_Data under study:_
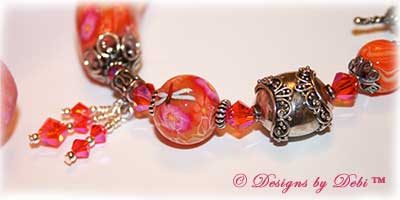 Can't Wait for Spring! Designs by Debi Jewelry for Charity Bracelet March 2011 A fun, one of a kind handmade bracelet of orange, pink and white polymer clay beads with flowers and dragonflies, Bali silver beads, Swarovski crystals and sterling silver. OOAK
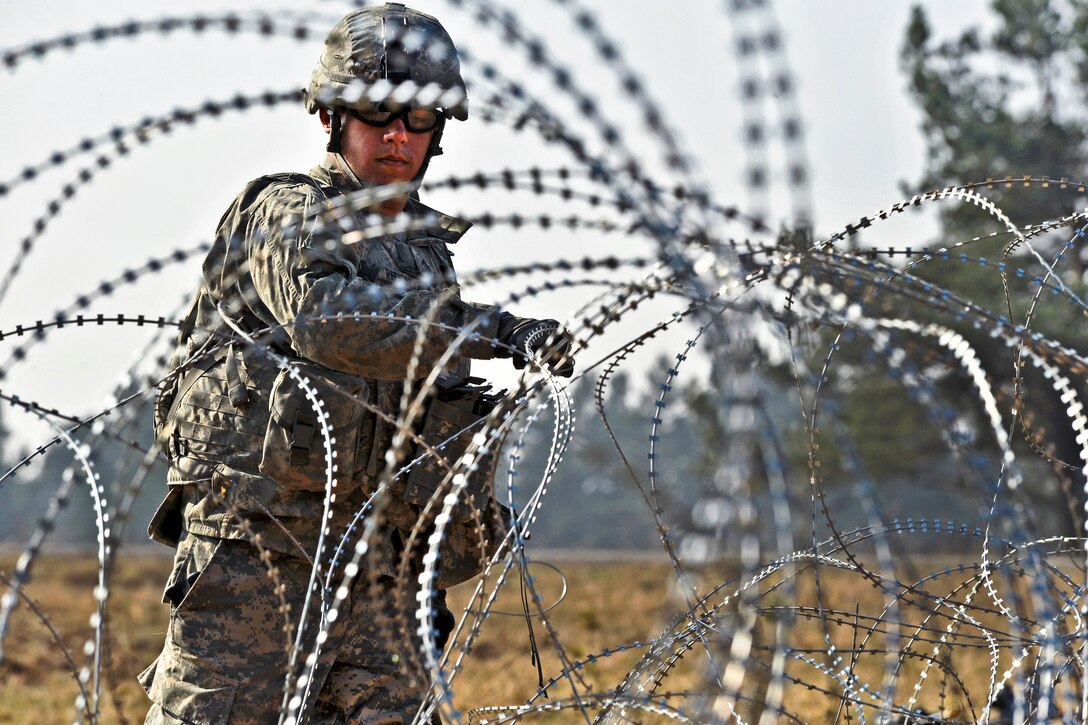 U.S. Army Pvt. Vincent Redondo lays out concertina wire during a situational training exercise at the Grafenwoehr Training Area, Joint Multinational Training Command in Vilseck, Germany, March 22, 2012. Redondo is assigned to Company I, 3rd Squadron, 2nd Cavalry Regiment. 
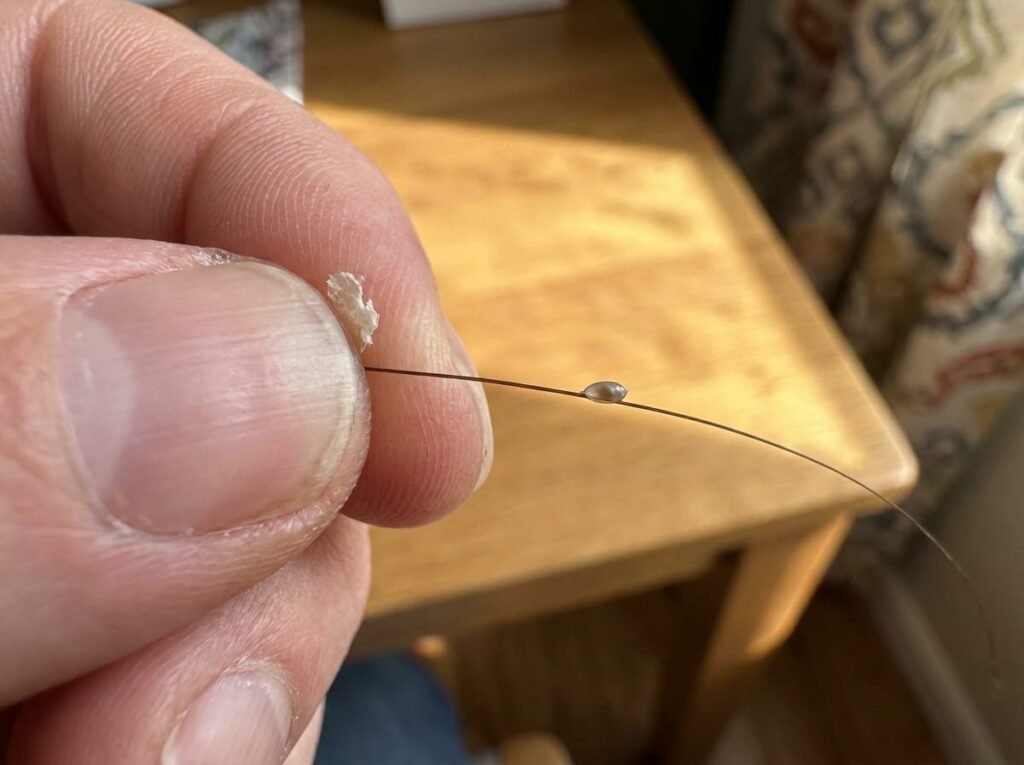 Manos de un progenitor realizando la prueba del tacto en un mechón de pelo para diferenciar caspa y liendres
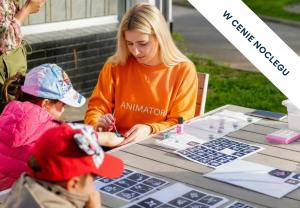 a woman sitting at a table with two children playing at Prawdzic Family Resort & Wellness in Gdańsk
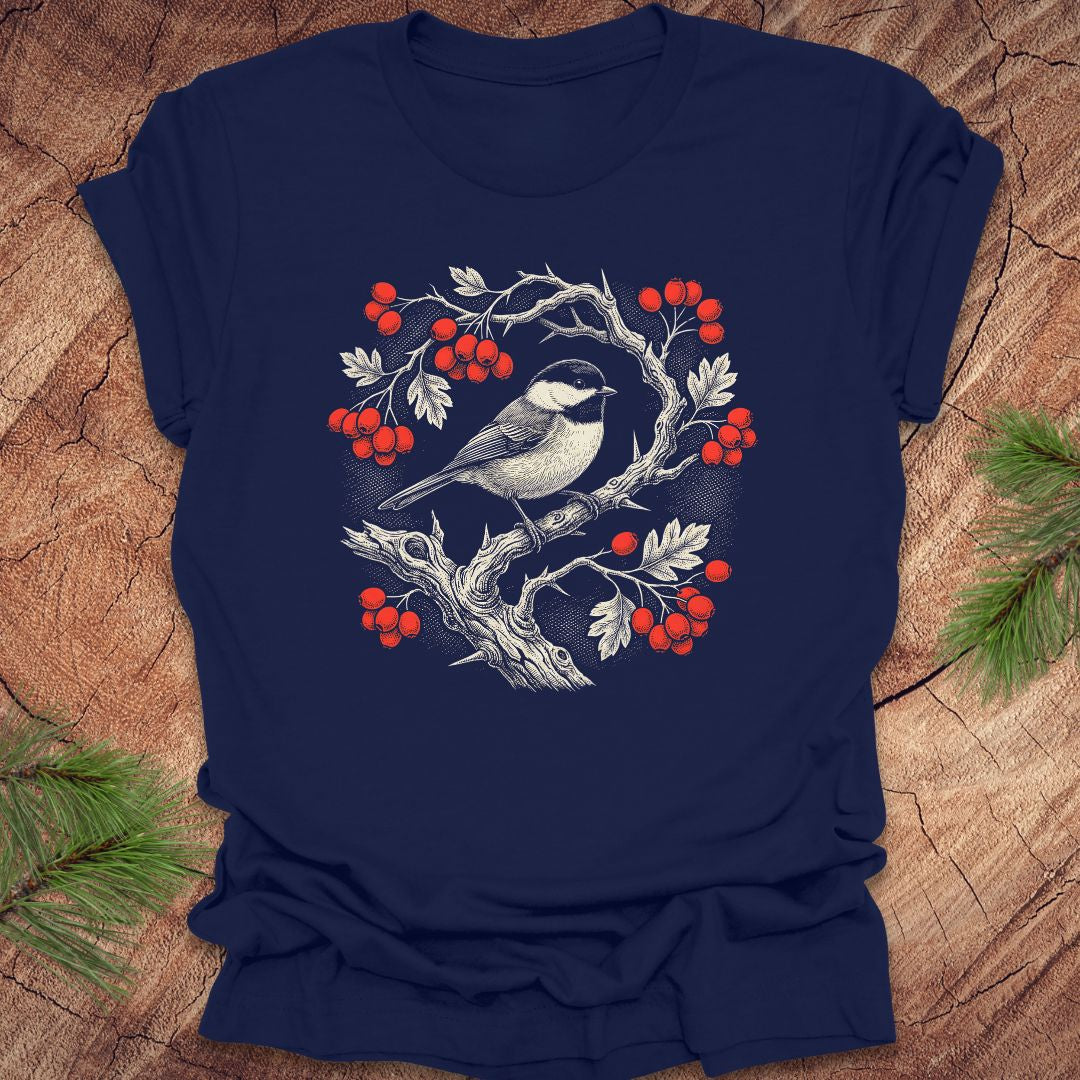 Navy blue t-shirt with a chickadee and holly  berry design on a wooden surface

_Instructions for the task:_ Each line from the one with "Manos de un" to the last line of the listing should be returned exactly, both ends included, and no picture with them.

_Written response:_
 Manos de un progenitor realizando la prueba del tacto en un mechón de pelo para diferenciar caspa y liendres
 a woman sitting at a table with two children playing at Prawdzic Family Resort & Wellness in Gdańsk
 Navy blue t-shirt with a chickadee and holly  berry design on a wooden surface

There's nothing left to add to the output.